Sunday, April 29, 2012

CSEA renews commitment to on-the-job safety and health Nearly 1,000 activists to attend educational program in Lake Placid


Picture courtesy of CSEA - 2012 CSEA 

ALBANY - Nearly 1,000 CSEA safety and health activists will renew their commitment to on-the-job safety at the union's biennial Statewide Conference on Occupational Safety and Health in Lake Placid, April 27- 29.
"As union members are fighting to protect our jobs, benefits and pensions, it can be all too easy to put workplace safety and health on the back burner," said CSEA President Danny Donohue. "But safety on the job is one of CSEA's top priorities and something we have to fight for every day. That's especially true today, with misguided politicians trying to take away protections workers have fought long and hard to achieve."
The union members will join the other unions of the AFL-CIO and mark Workers Memorial Day on Saturday, April 28, with a ceremony remembering workers who have passed away while doing their jobs. Workers Memorial Day was established in 1989 as an international day of remembrance observed on the anniversary date of legislation establishing the Occupational Safety and Health Administration (OSHA).
CSEA members whose lives will be honored at this year's Workers Memorial Day event are:
  • Nicole Gaulin, 35, a caseworker at the Orleans County Department of Social Services, who passed away April 21, 2010, from injuries sustained in an automobile accident while on the job;
  • Stacie Williams, 45, a patient care assistant at Nassau University Medical Center, passed away June 16, 2010, due to workplace violence stemming from a domestic incident;
  • Anthony Ruggiero Jr., 48, a Village of Tarrytown Department of Public Works employee, passed away Sept. 6, 2010, while working in a village manhole;
  • John P. Kelly, 51, a state Department of Transportation worker at the department's Region 8 Eastview Residency in Westchester County, passed away Sept. 6, 2010, while responding as a volunteer firefighter to the Tarrytown village manhole incident that also claimed Ruggiero;
  • Sandra A. Marasco, 49, a program coordinator at the Roswell Park Cancer Institute in Buffalo and a member of CSEA's Health Research, Inc. Local, passed away Jan. 27, 2011, from injuries sustained in an automobile accident while on the job;
  • Stephan Mueller, 47, a laborer at the City of Glen Cove in, passed away Sept. 17, 2011, from injuries sustained from being repeatedly stung by hornets;
  • John Lattimore, 62, a state Department of Transportation worker in the Capital Region, passed away Oct. 20, 2011, from injuries sustained during a bridge inspection; and
  • Robert DelVecchio Jr., 35, a highway worker at the Town of Mamaroneck, passed away Nov. 11, 2011, after being struck by a recycling truck at the town's sanitation and recycling center.
CSEA has long led the way nationally in seeking safer, healthier workplaces.
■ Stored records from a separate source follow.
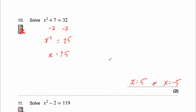We can check our answer. 5 squared is equal to 25, plus 7 is 32. And if x was equal to negative 5, negative 5 times negative 5 is equal to 25, plus 7 is also equal to 32.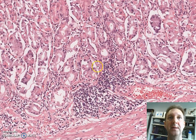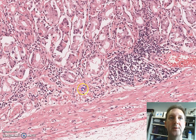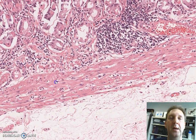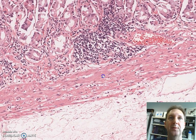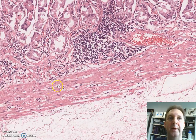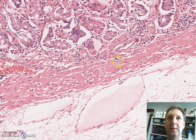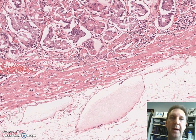Occasionally you can see some lymphoid aggregates. Those are not common, but you can see them. And as we mentioned, there is the muscularis mucosae, which is this continuous band of smooth muscle bundles.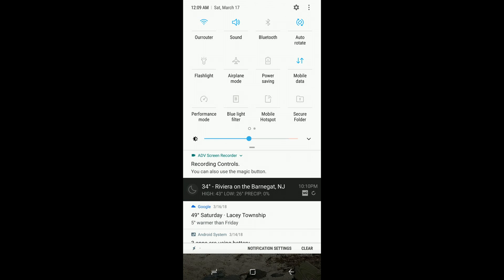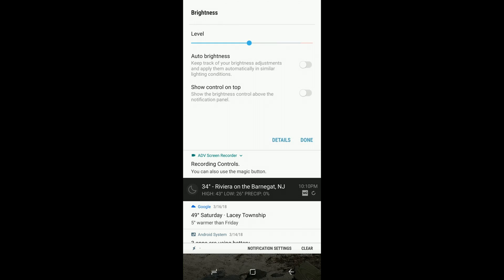You have to pull down twice. If you tap on the down arrow next to the slider, you get the different settings, and one of them is show control on top.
The union was instrumental in the 1980 passage of the landmark Public Employees Safety and Health Act, extending OSHA protections to public employees. More than 24 states still do not have similar specific protections for public employees today. The union intensified its fight for safer work sites in 1992 after a disgruntled client murdered four CSEA members working at the Schuyler County Department of Social Services. CSEA's leadership and persistence, led to the historic Worksite Security Act, which brought about an enforceable Workplace Violence Prevention standard that has made many of New York's workplaces safer for workers and the public.
Despite the union's achievements, Donohue said there is still more work to do.
"Despite the strides we have made, going to work is still too dangerous for too many people," Donohue said. "We still wait for the year when we no longer have to "mourn for the dead" on Workers Memorial Day."